Excellent question, my mass-murdering friend. Why leave them in someone else's hands? Answer: Because, there, they'd be alive today. Here we see the high-speed selfishness of suicidal thinking: "Someone else's hands," anyone else's, are unacceptable to the man who feels that because he lost his job he can no longer hold those children comfortably in his.
"A broken-hearted husband murdered his wife before killing himself with an electric drill after she ended their marriage on Facebook," ran a story last week in the Daily Mail. "Electrical engineer Gary Grinhaff bludgeoned wife Tracey to death after she changed her Facebook status to 'splitting up with husband.' He then drove to nearby woods where he tried to kill himself in a number of different ways before finally succeeding."

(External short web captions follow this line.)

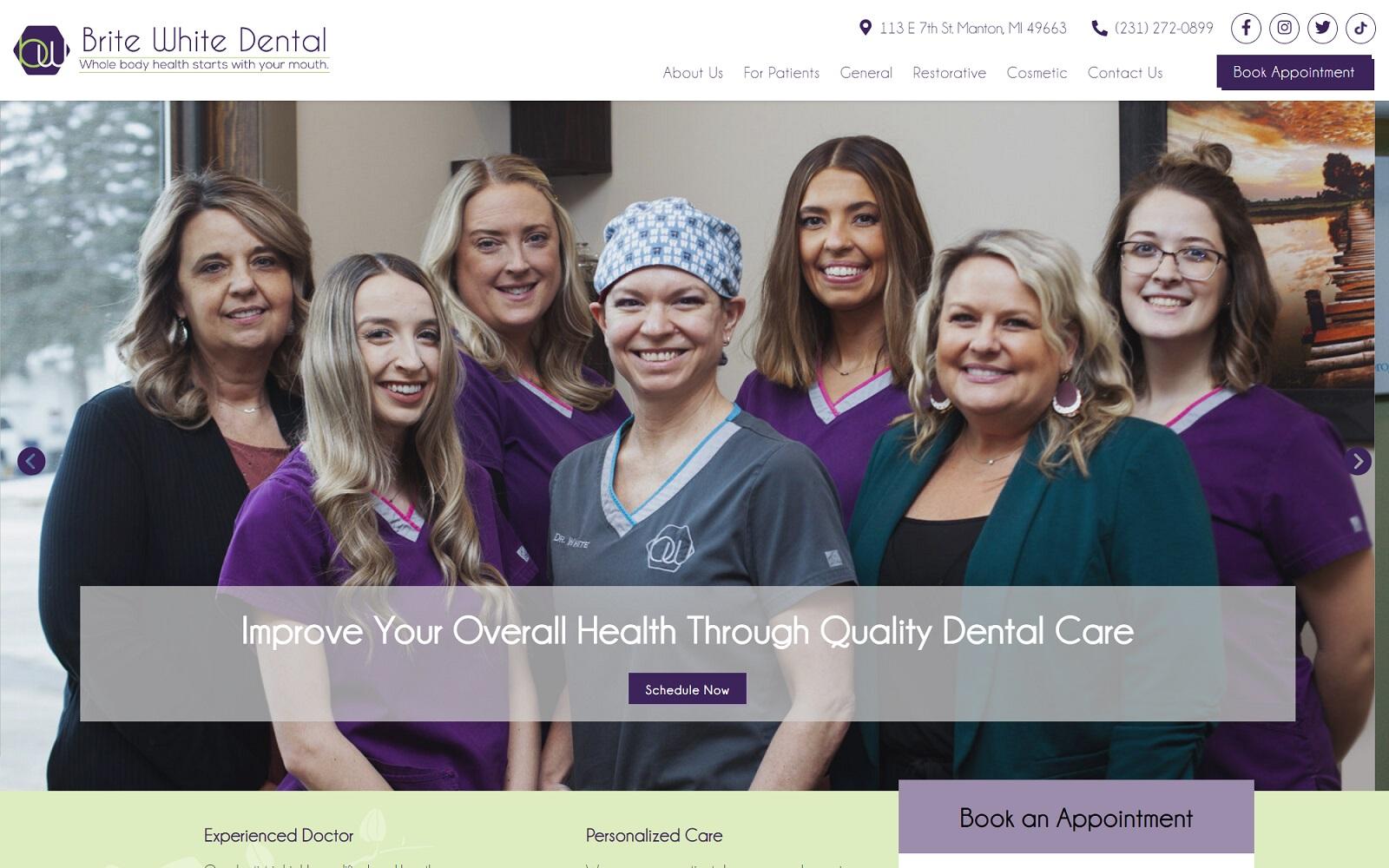 Brite White Dental screenshot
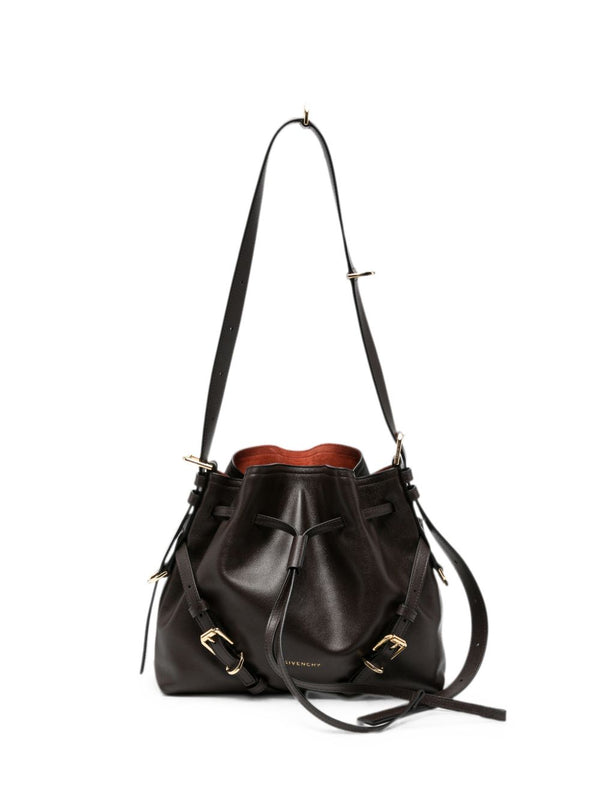 Voyou Small Leather Bucket Bag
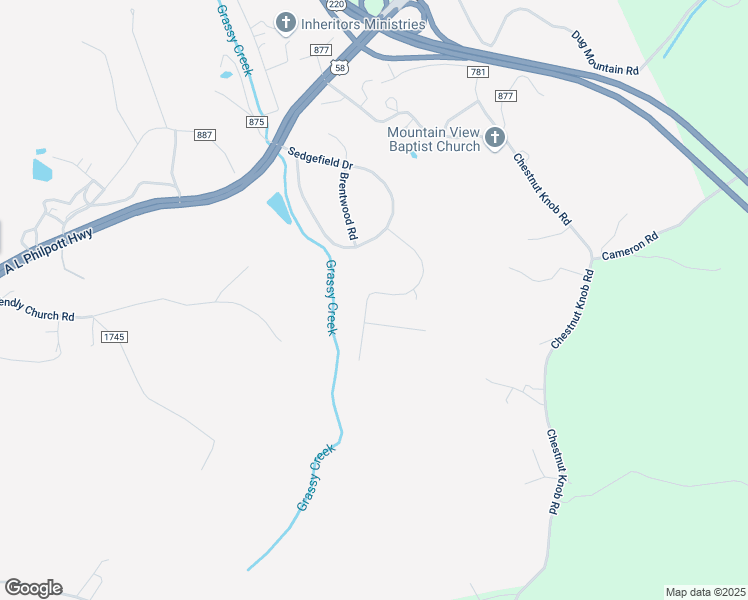 map of restaurants, bars, coffee shops, grocery stores, and more near 291 Kenmore Avenue in Martinsville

Tracey was having an affair, a fact that Grinhaff had confirmed by bugging her car and following her. After beating Tracey to death in the couple's bedroom late at night while their daughters, aged thirteen and three, slept in nearby rooms, he drove to the forest, where he "killed himself by drilling into his leg and arm with the saw attachment to his cordless electric drill." Police found suicide notes in his car. In one, Grinhaff wrote: "This cannot go on, this is my only way out." Another note, addressed to his thirteen-year-old daughter, "expressed sorrow over the affair combined with anger that he had been 'forced' to follow his wife to confirm his suspicions."
Ah, "forced." Those of us who have lost loved ones to suicide know this word all too well, along with "I have no other choice" and "Without him/her/it, I have nothing." The world goes black-and-white for the suicidal person, and the future goes blackest of all: a total blank. Believing himself "forced" to kill his unfaithful wife and then himself, Grinhaff was also "forced" to render his young daughters not just orphans but the children of a murderer.
The passive voice: I am forced. Which is to say: Someone or something else besides me is to blame.
And in today's news: "A company director battered his wife to death before calmly walking to a railway station 100 yards from his front door and throwing himself under a train. Father-of-two Mark Findlay's decapitated body was discovered on the tracks at Marston Green station in Birmingham yesterday." According to the report, police found 36-year-old Helen Findlay dead in the couple's £300,000 home, where the Findlays had run a successful business selling Yu-Gi-Oh! and Pokémon materials. Their children, aged thirteen and six, were staying with relatives at the time. According to neighbors, "the couple had been experiencing marital difficulties."
Well, that man's problems got solved. Wait, or did they?